─── EXERCISE DATA ───

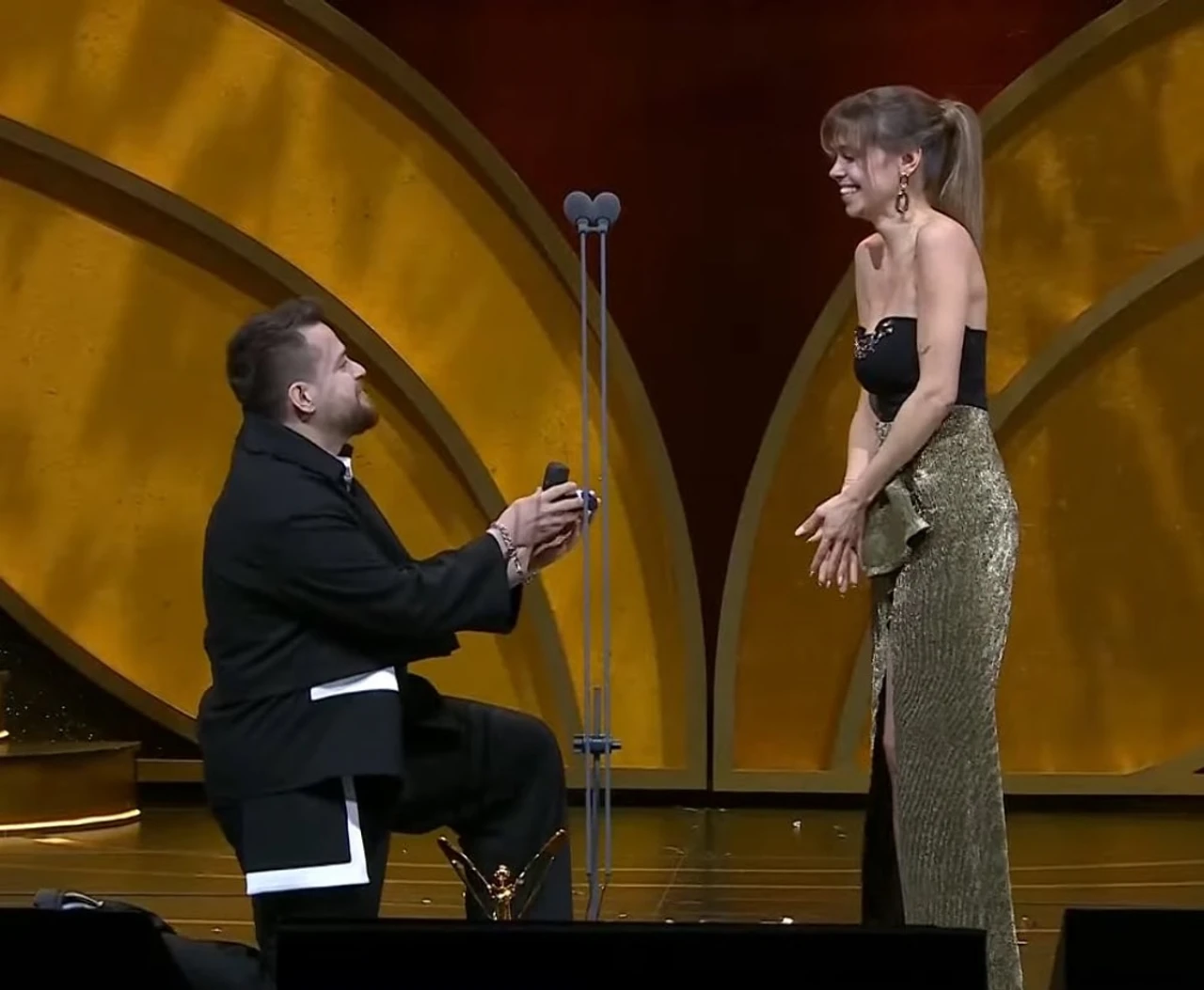 Alper Rende kimdir, kaç yaşında, aslen nereli, boyu? İşte biyografisi hakkında merak edilenler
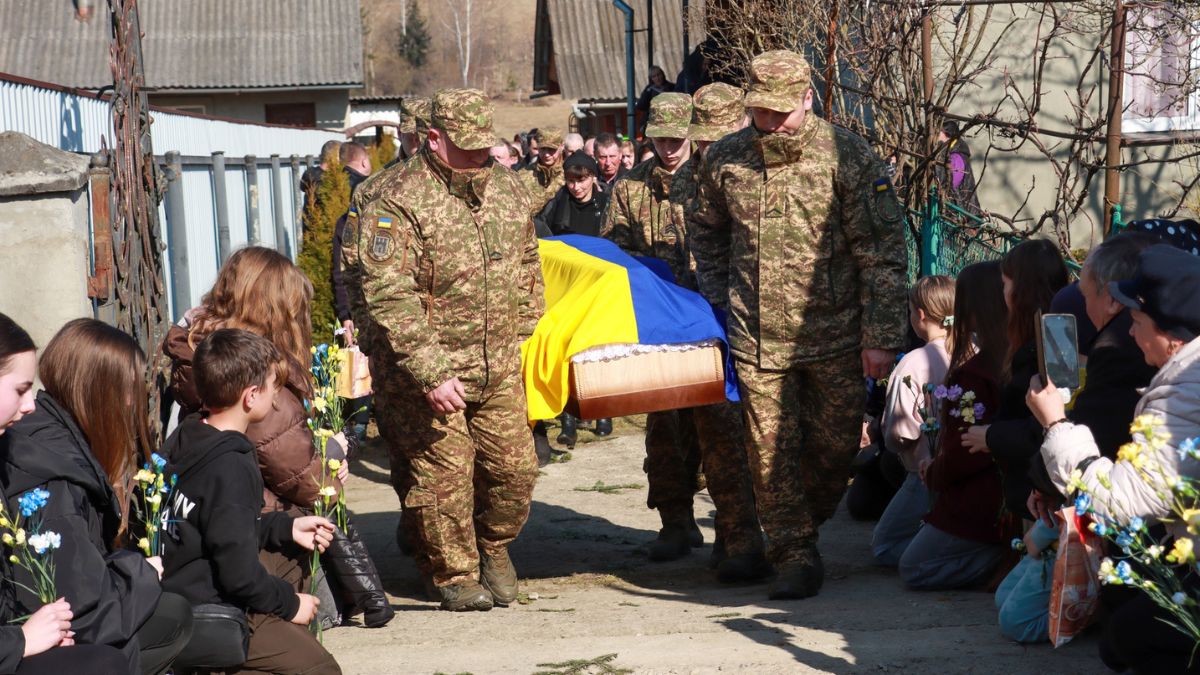 На Рожнятівщині поховали Героя Василя Шийку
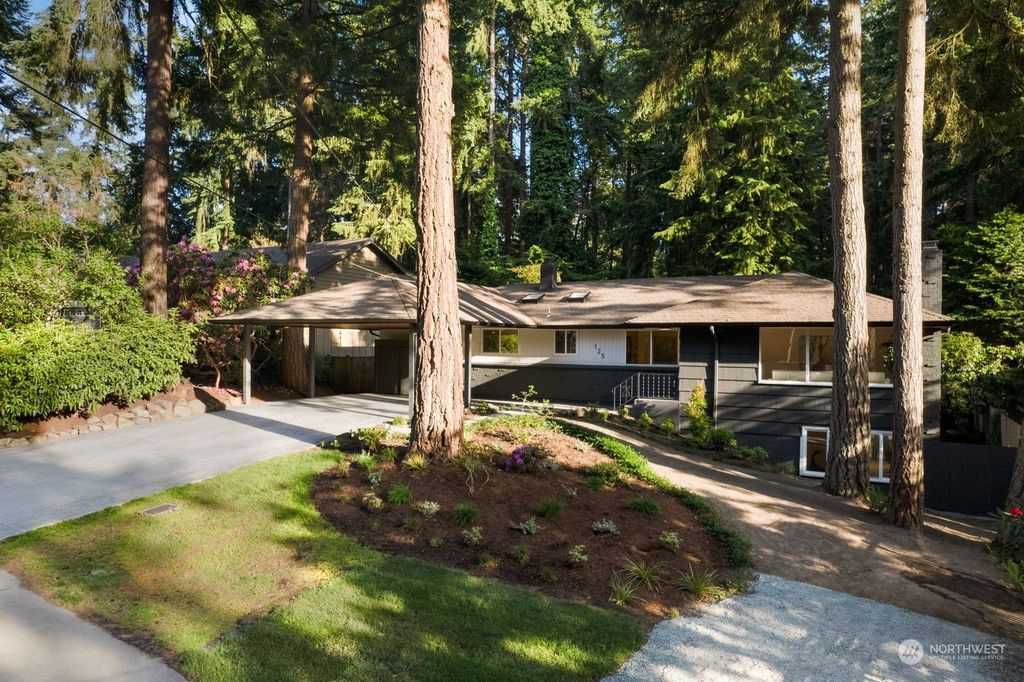 Photo of 125 SW 202nd Street, Normandy Park, WA 98166 (MLS # 2075836)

───

→ AIM OF THE TASK: Without including any picture, reproduce all of the material exactly.

→ SOLUTION BELOW:
 Alper Rende kimdir, kaç yaşında, aslen nereli, boyu? İşte biyografisi hakkında merak edilenler
 На Рожнятівщині поховали Героя Василя Шийку
 Photo of 125 SW 202nd Street, Normandy Park, WA 98166 (MLS # 2075836)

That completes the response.